Bandar Bush, Sultans Sohn

12.08.2012, 01:42 apxwn Blog saudi-arabien

Der Anschlag gegen die Spitze der saudischen Sicherheitskräfte liegt bereits eine Weile zurück, aber Klarheit ist in die Sache – wie fast zu erwarten war – bisher nicht gekommen. Das gilt erst einmal für den oder die Urheber des Anschlags: saudische Hofintrigen, hinterozeanische Hüter der saudischen Strategie oder gar der syrische oder – wie manche spekulierten – der russische Auslandsgeheimdienst? Wie auch immer, kein Bekennerschreiben, keine Ablenkungsmanöver, einfach nur gar nichts. Die vordergründige Frage gilt natürlich auch dem Verbleib des Prinzen Bandar bin Sultan, seines Zeichens Chef des saudischen Geheimdienstes.

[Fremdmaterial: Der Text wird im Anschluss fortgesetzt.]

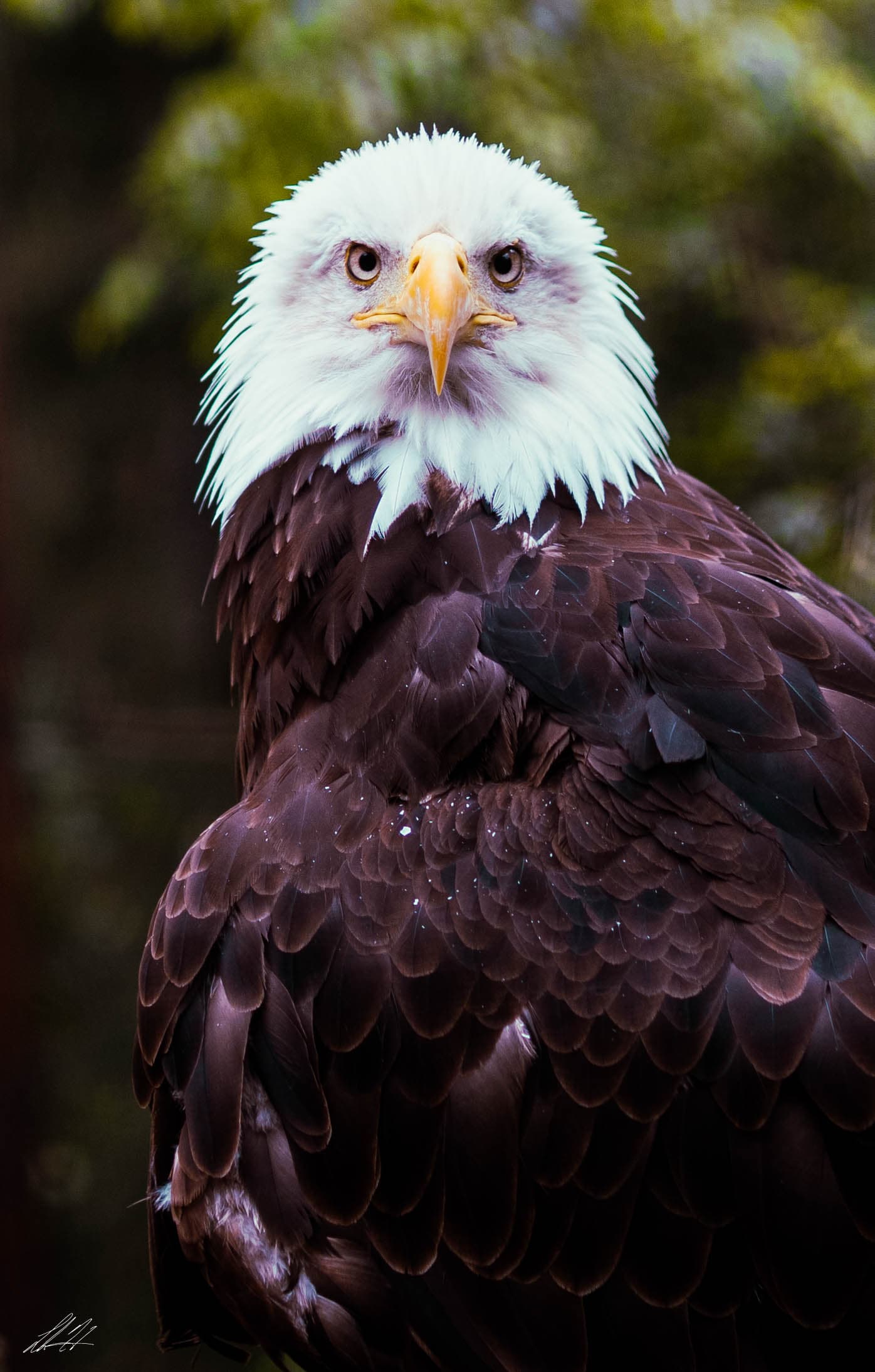 Bald eagle looking directly toward the camera
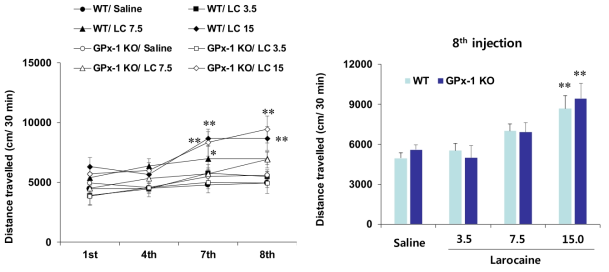 야생형 생쥐 (WT)와 GPx-1 유전자 결핍 생쥐에서 larocaine (LC)에 의한 행동민감화의 변화. KO = 유전자 결핍. 각 수치는 6 마리의 평균 ± 표준오차임. *P<0.05, **P<0.01 vs. Correspondine Saline (two-way or three-way ANOVA followed by PLSD test)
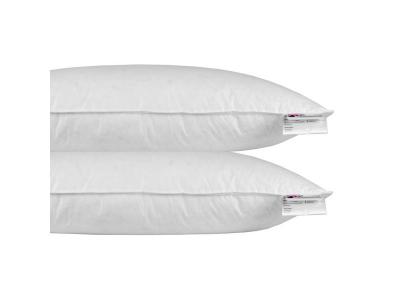HOMESCAPES Oreiller en Plumes et duvet d'oie 40 x 80 cm - lot de 2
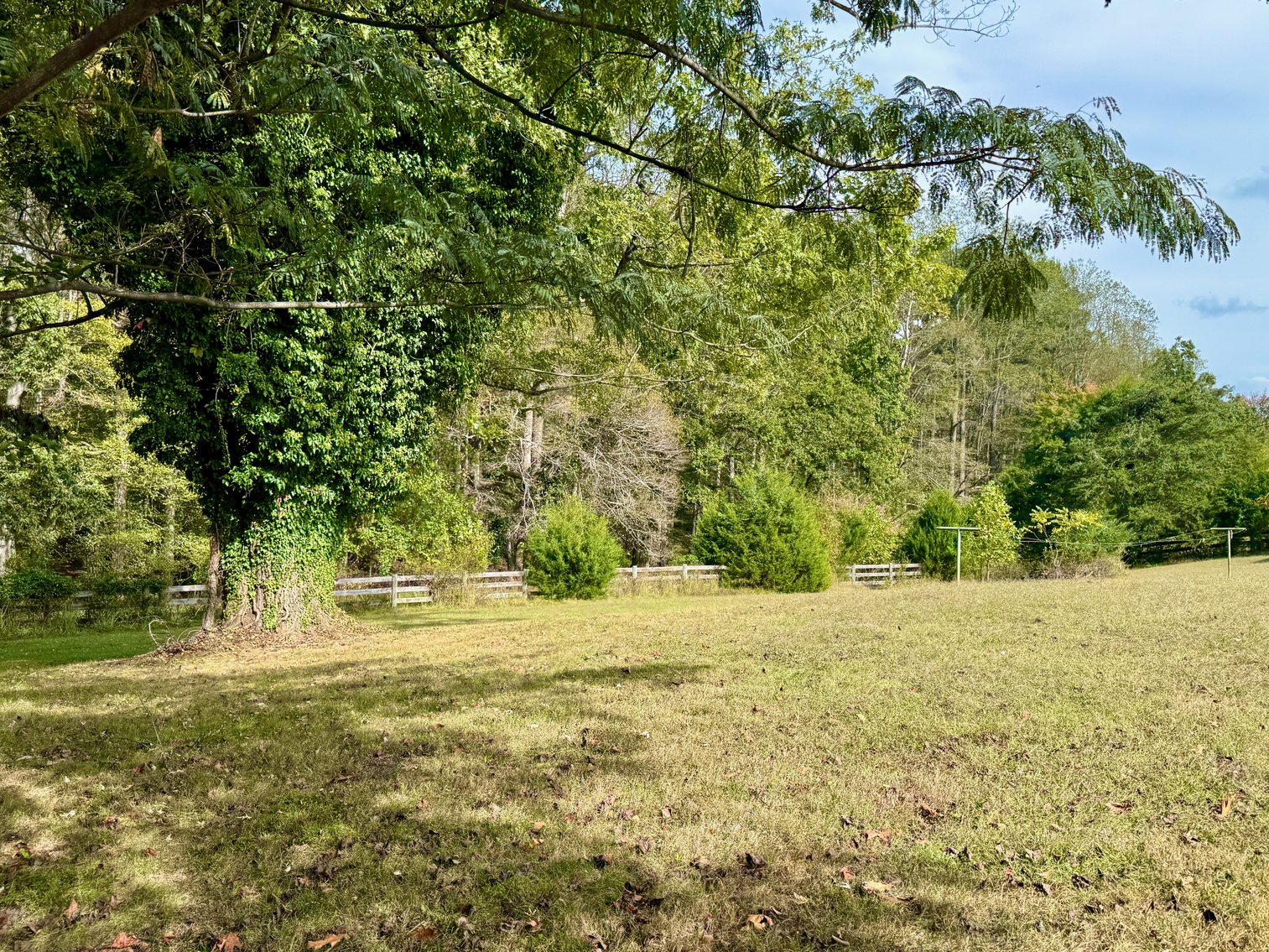 Image for 4 BR/2 BA Brick Ranch/Rambler Style Home w/Basement on 1.49 +/- Acres--Madison County, VA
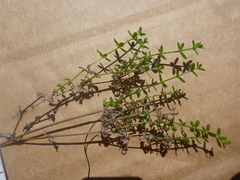 Galium porrigens porrigens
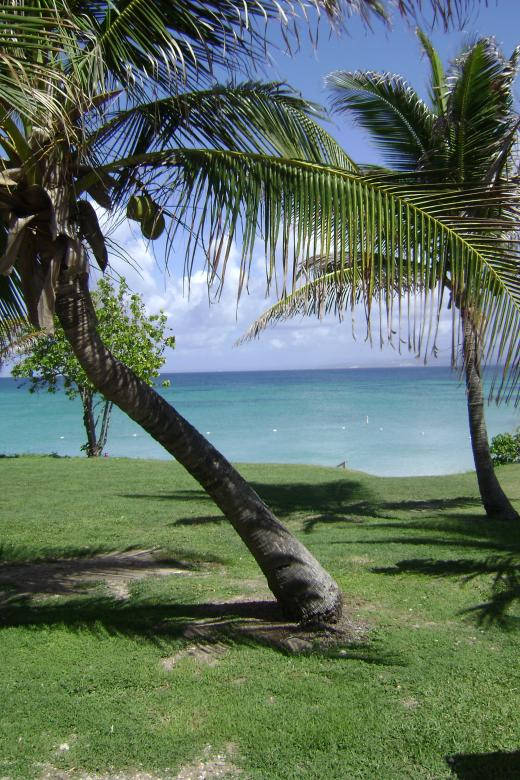 Download free Tropical Beach Island Green Grass Wallpaper - MrWallpaper.com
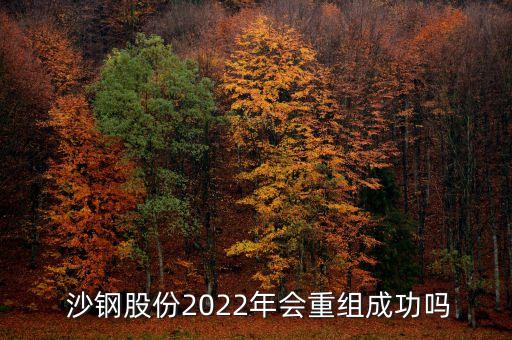  沙鋼股份2022年會重組成功嗎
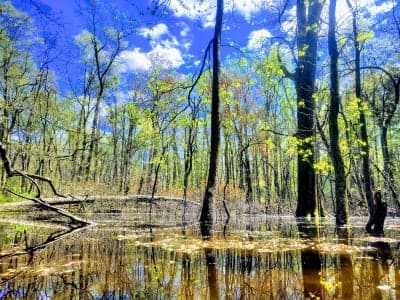 Blackbird State Forest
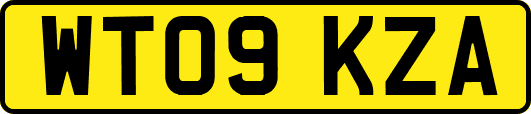 WT09KZA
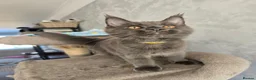 Maine Coon cats for sale: Blue Maine Coon tica registered  - Advert 4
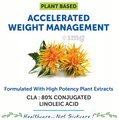 Bliss Welness Weight Management CLA 2000 80% Conjugated Linoleic Acid Softgel Capsule thumbnail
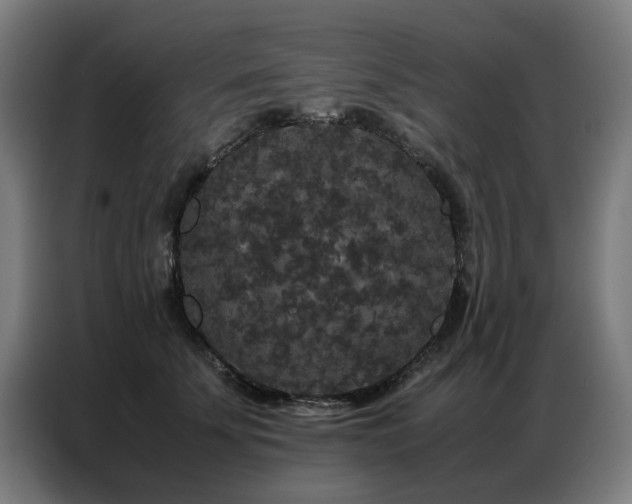 X0000087320707200704201110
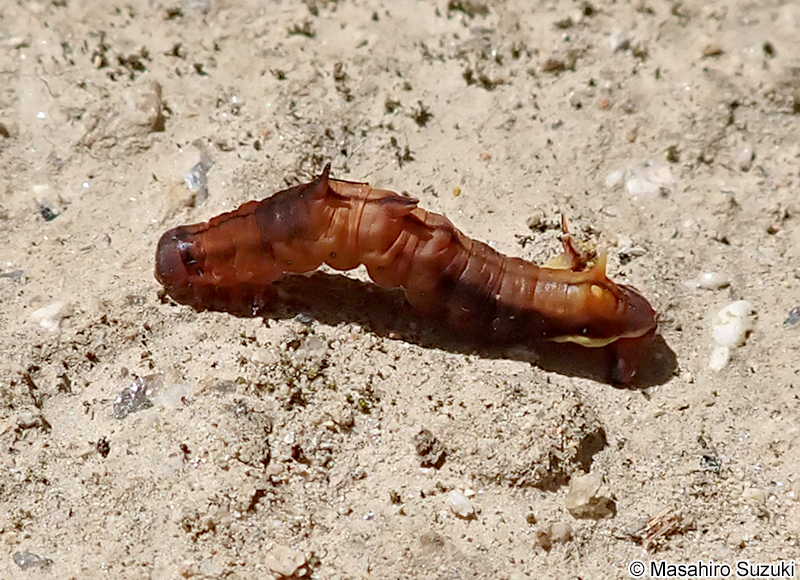 キイロトゲエダシャク Apochima praeacutaria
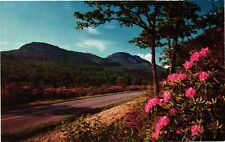 Vintage Postcard- CATAWBA RHODODENDRON, BLUE RIDGE PARKWAY 1960s picture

In der russischen Presse ist derweil ein Interview mit einem russischen Geheimdienstler i.R. aufgetaucht, der den Lesern mit dem tatarischen Namen und Vatersnamen Rustam Faridowitsch N. sowie als Fachmann für den Nahen Osten bei der Analytischen Abteilung der „Lubjanka“ vorgestellt wird. Dieser sei außerdem noch ein Kenner der radikalen Strömungen des Islam. Hier ein Auszug zum Thema:

  • Prinz Bandar wurde weder vom russischen, noch vom syrischen Geheimdienst in die Luft gesprengt, – begann der Nahost-Experte die Darlegung seines Standpunkts. – Das waren simple Hofintrigen – man hat einfach den wahrscheinlichsten Thronfolger beseitigt.

  • Aber rein formal hatte er doch gar kein Anrecht auf den Thron! – erwiderte der Kommentator. – Prinz Bandar ist ja kein Sohn, sondern ein Enkel des Staatsgründers.

Der Nachrichtendienstler gab das zu:

  • Sicher, er hatte keinen direkten Anspruch auf den Thron. Doch kaum jemand zweifelte daran, dass – wenn die Alten einmal aussterben – diese innerdynastische Regelung ihre Wirkung verliert und alles nach den Kräfteverhältnissen entschieden wird. Und genau in diesem Sinne war Bandar bin Sultan die einflussreichste Person in Riad. Er war nicht nur Chef des Geheimdienstes, sondern auch des Sicherheitsrates des Königreichs. Das heißt, er hatte alle staatlichen Gewaltorgane in seinen Händen, derer es durchaus genügt hätte, im Falle eines Falles mit dem älteren Sohn des Königs zurande zu kommen, welcher die Hauptstadt in seiner Gewalt hat, oder auch mit dem ältesten Sohn des Thronfolgers, der für die heiligen Städte – Mekka und Medina – verantwortlich ist. Einer dieser beiden Prinzen wird den gefährlichen Konkurrenten beseitigt haben, und das auf Anweisung aus Washington.

Quelle: argumenti.ru

Der russische Geheimdienstler spricht also vom Tode Bandars als von einer Tatsache. Offenbar hat er Gründe dafür, das anzunehmen, und dann – oh Schreck – hätte Thierry Meyssan diesmal Recht gehabt, zumindest was den Tod des Bandar, nicht freilich, was die Urheber des Anschlags angeht.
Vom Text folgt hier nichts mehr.